[Photo courtesy of 3M]
The future of medical device design is in our hands. Here’s what it’ll take to get there.
Tony Kaufman, 3M
It’s an exciting and challenging time in medical device history. From tracking vital signs to enabling more informed conversations with health professionals, device users can take control of their health in new and powerful ways.
But the rapid acceleration and advancement of data is only just beginning. What lies ahead is a complex web of questions that one person, one team, one company alone can’t solve.
For example, how can we further prioritize user experience from the start of the device’s development? How can we keep pushing the bounds of wear time? What have we learned from COVID that we can bring forward?
To unlock continued innovation that improves lives, all of us from across the device development process must come together to brainstorm, problem-solve and break down siloes.
It’s a big task. Where do we start? As someone who partners with some of the largest medical device companies, I’ve learned a lot about where we’re struggling and what’s holding us back. To propel us into the future, here are four areas to focus on first.
1. Create a nimble supply chain
We talk a lot about what we’re innovating: What’s the device, what’s the existing technology, what do we need to accomplish?
To take devices to the next level, we need to talk more about how we’re going to innovate. How can we set the entire development ecosystem up for success?
While that can include teams and internal processes, the supply chain is one area that deeply affects the ability to develop devices. The level of medical device regulation poses unique challenges when trying to scale to meet demand. But it’s also a competitive area, and we’d benefit from finding ways to not completely eliminate risk, but to properly manage risks. Increasing supply chain nimbleness is a must.
Other highly regulated markets have found success with rapid prototyping. It could be a way to work within the confines of medical device regulations and quickly understand what works, what doesn’t and what we can do about it. Then adjust and tweak before finalizing designs, materials, manufacturing processes and more.
2. Design the full system
Adhesives don’t typically keep people up at night (though if they do for you, you’re in welcome company). Often relegated to being an afterthought in device design, they’re seen as a simple material that holds tactical value — sticking one thing to another thing.
But when they aren’t thoughtfully designed-in from the start, they have the potential to cause costly and time-consuming redesigns. Many devices are complex systems, and adhesives are just one, albeit important, layer. With many competing priorities in a limited timeframe, it can be challenging to give every little thing its rightful attention.
How do we reconcile? We can start by identifying the most-often-deprioritized components and understand their role in the entire system. What do they ultimately enable for the design and the end user? Talk with colleagues, mentors and partners inside of and beyond your function to get their perspectives.

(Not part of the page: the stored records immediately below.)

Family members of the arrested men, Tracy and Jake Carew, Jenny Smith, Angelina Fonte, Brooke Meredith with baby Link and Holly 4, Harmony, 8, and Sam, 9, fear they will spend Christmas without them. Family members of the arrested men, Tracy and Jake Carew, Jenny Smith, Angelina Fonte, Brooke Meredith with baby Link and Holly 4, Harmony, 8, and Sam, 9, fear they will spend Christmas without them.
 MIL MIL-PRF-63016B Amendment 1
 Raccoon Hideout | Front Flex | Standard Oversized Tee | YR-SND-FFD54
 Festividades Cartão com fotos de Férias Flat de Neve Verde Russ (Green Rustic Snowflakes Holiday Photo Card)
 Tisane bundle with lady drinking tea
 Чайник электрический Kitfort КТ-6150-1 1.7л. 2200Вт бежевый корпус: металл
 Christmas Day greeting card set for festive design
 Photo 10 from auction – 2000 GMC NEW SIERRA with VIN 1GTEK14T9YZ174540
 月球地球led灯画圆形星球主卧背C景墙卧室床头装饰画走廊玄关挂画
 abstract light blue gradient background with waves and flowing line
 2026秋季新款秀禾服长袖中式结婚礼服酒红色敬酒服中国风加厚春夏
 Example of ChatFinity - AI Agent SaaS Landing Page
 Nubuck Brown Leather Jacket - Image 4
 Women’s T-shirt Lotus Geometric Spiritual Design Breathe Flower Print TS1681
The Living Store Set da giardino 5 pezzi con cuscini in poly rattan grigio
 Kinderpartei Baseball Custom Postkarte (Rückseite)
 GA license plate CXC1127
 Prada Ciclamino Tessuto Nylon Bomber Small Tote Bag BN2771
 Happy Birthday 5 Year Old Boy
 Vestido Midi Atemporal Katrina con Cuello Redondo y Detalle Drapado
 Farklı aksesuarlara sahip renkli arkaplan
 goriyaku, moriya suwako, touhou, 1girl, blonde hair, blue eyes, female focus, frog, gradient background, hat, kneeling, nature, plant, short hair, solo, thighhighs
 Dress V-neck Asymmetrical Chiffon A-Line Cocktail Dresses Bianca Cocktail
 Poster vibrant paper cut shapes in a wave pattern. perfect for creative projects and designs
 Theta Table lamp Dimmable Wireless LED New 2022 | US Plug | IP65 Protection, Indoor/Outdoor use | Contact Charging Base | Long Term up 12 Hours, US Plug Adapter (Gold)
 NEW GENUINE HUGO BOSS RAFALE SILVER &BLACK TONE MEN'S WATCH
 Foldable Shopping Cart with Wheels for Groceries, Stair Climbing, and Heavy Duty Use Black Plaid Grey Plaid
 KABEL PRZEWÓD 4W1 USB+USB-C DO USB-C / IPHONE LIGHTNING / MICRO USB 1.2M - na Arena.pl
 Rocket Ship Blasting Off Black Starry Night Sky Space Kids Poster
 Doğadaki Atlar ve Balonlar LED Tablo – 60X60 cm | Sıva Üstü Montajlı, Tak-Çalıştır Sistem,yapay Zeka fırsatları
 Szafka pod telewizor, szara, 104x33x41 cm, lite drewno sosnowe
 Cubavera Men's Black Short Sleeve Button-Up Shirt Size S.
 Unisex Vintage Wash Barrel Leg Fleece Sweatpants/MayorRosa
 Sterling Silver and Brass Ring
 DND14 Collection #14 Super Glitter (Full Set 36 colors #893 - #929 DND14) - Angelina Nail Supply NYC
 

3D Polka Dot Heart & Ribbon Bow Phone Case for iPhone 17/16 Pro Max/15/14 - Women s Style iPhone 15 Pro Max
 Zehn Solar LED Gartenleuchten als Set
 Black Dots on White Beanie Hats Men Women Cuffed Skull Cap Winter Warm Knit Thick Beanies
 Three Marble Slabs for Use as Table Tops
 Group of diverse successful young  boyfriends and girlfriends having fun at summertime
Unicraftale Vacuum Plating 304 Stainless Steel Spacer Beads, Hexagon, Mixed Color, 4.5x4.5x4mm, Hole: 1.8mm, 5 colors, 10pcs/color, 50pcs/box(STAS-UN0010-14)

From there, your design has the potential to get stronger, and with stronger designs, we’re advancing what’s possible today.
3. Prioritize device security
A real challenge in medtech is handling cybersecurity for novel and legacy devices. It’s not a new challenge, but it’s taken on a renewed sense of urgency.
Up to now, more passive forms of security measures like shielding films may have sufficed. However, the dialogue needs to evolve to discuss how we can incorporate active measures into devices on the market today and in the future, and how regulatory bodies can validate and defend.
4. Balance the art and science of design
The funny thing about data is that more isn’t always better. Similarly, the latest technology isn’t always intuitive. So finding the right combination — incorporating the latest tech to get the best data insights while creating a user-friendly experience — is a mix of art and science.
The level and type of data a device needs to collect should inform whether it can be worn on the wrist or elsewhere on the body. Wrist-worn wearables aren’t as secure but work well for fitness-related metrics, such as tracking calories burned. On the other hand, body-worn wearable patches can adhere directly to skin, creating an intimate connection to the data source. This form factor may be better for tracking medically sound metrics like glucose levels for continuous glucose monitors.
On top of that, if your ideal end user doesn’t understand how to use it from when they apply it to when they remove it, they’re not likely to want to use it again or recommend it to others.
As expectations of interacting with data, technology and devices continue to advance, we get to continue problem-solving along with it, testing, validating and finding what works, ultimately leaving our mark on the journey toward a healthier world.
Collaborate for the future of medical devices
Together, we can ignite the next wave of device innovation. We can create a reality in which devices are on the cutting edge, providing the insights people need to take control of their health. As a result, people will feel safe, empowered and confident because of them.
Whether you’re involved in designing the devices, manufacturing them or beyond, we all have the power to move together and usher in the next generation. How will you help?
Tony Kaufman is new business ventures lead for the Medical Materials & Technologies Business at 3M. [Photo courtesy of 3M]
Tony Kaufman is new business ventures lead for the Medical Materials & Technologies Business at 3M and has more than 24 years of medical device design, development and manufacturing experience. Kaufman is Lean Six Sigma Black Belt certified, has utilized finite element analysis modeling in various ways to solve challenges and accelerate product development, and holds a degree in biological systems engineering from the University of Nebraska-Lincoln.
The opinions expressed in this post are the author’s only and do not necessarily reflect those of MedicalDesignandOutsourcing.com or its employees.